Crescentic Glomerulonephritis due to Proteinase 3 (PR3) Anti-Neutrophil Cytoplasmic Autoantibody (ANCA) and IgA Mediated Anti-Glomerular Basement Membrane (GBM) Disease: A Rare Case of Double Identity

Session Information

Category: Glomerular Diseases

  • 1303 Glomerular Diseases: Clinical‚ Outcomes‚ and Trials

Authors

  • Siff, Melody L., Virginia Commonwealth University Health System, Richmond, Virginia, United States
  • Baig, Mirza Shahrukh, Richmond Nephrology Associates, Richmond, Virginia, United States
  • Kidd, Jason M., Virginia Commonwealth University Health System, Richmond, Virginia, United States
Introduction

Crescentic glomerulonephritis due to co-existing ANCA associated vasculitis and Anti-GBM antibody disease is rare and often referred to as “double positive” disease. Most double positive cases involve myeloperoxidase (MPO) ANCA. Furthermore, anti-GBM disease generally manifests with linear staining IgG staining.
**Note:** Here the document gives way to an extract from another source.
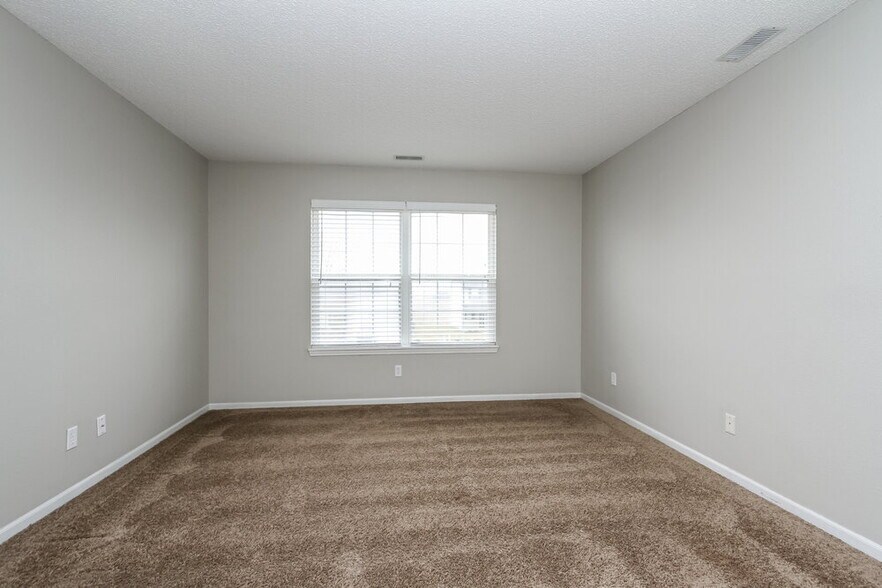 Building Photo - 209 Bent Stream Ln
We present a case of double positive disease with both PR3-ANCA and linear IgA staining of the glomerular basement membranes.

Case Description

A 73-year-old female presented to the hospital with acute kidney injury with a serum creatinine of 5.7 mg/dl. She had been treated with antibiotics for mastoiditis intermittently for 3 months. She was admitted to the hospital and underwent kidney biopsy. Serologic work up was significant for elevated PR3 ANCA. Biopsy was significant for crescentic glomerulonephritis and IgA and kappa linear staining along the GBM. No immune complexes were seen on electron microscopy. There was no evidence of diffuse alveolar hemorrhage. She was started on dialysis at presentation. After tissue diagnosis, she was started on glucocorticoids, plasma exchange and plan to begin cyclophosphamide. She has shown some renal recovery and dialysis is currently on hold.

Discussion

Double positive ANCA and anti-GBM is rare combination with limited and conflicting data regarding treatment. Literature review revealed approximately one-third of patients with anti-GBM also had an associated ANCA, which was usually MPO and rarely PR3. We believe this is the fist described case of atypical anti-GBM (linear IgA) disease with dual positive PR3-ANCA. Due to the rarity of the co-existence, there are no treatment guidelines. Due to the severity of disease presentation, we are treating the patient aggressively with high dose steroids, plasma exchange and cyclophosphamide, which then should be followed by maintenance immunosuppression to prevent relapse of ANCA, especially prevalent in PR3.